On 27.10.2020 18:52 Howard Chu wrote:
3. LMDB causes crashes if database is corrupted
You can enable per-page checksums in LMDB 1.0, in which case you'll just get an
error code
if a page is corrupted (and the checksum fails to match). The DB will still be
unusable if
anything is corrupted.
That would fix the problem properly. Does it check that it is the correct
transaction as well (e.g. by putting a transid into the page like btrfs)?
Returning
wrong results or MDB_CORRUPTED is something my application can handle (but not
crashes obviously).
The txnid is part of the page header, which is one of the incompatible format
changes from LMDB 0.9.
This is what allows us to eliminate the dirty bit.
Not sure what you mean about the txnid being correct or not, but certainly it
is included in the
checksum.
A common problem that e.g. btrfs users encounter is that a disk drops
some writes. If there was a page at the same location previously the
checksum check succeeds. But btrfs stores the transid of the page in the
page's parent, so it compares that as well (The error message is "btrfs
parent transid verify failed on OFFSET wanted TRANSID found TRANSID"). I
think ZFS stores the checksum of the page in the page's parent as well
(idk if this would work with lmdbs b-tree).

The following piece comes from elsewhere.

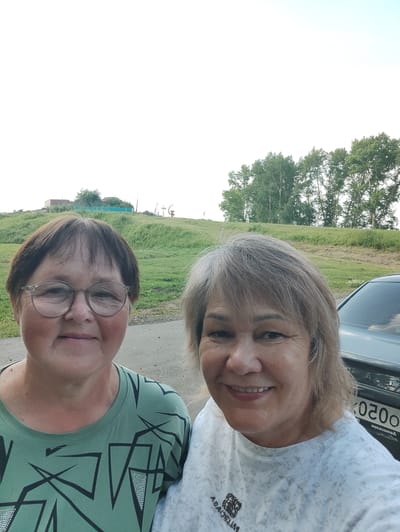 Two women are posing for a selfie outdoors. The woman on the left has short brown hair and is wearing glasses and a green t-shirt with a geometric pattern. The woman on the right has shoulder-length blonde hair and is wearing a light-colored t-shirt with a marbled pattern and a brand logo. A dark-colored car with a license plate partially visible is behind them on the right. The background consists of a grassy hill with some trees and structures at the top, suggesting a semi-rural or park-like setting. The sky is bright and overcast. The location is identified as Karabash, Russia.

I guess a simple check (that might already exist) is checking if page
transid<=root/meta page transid. But that doesn't catch the cases where
the root page was updated, but updates to other pages were dropped (the
disk might also drop a complete "transaction" but not report an error,
in which case the next transaction then writes the root page pointing to
an incompletely written tree).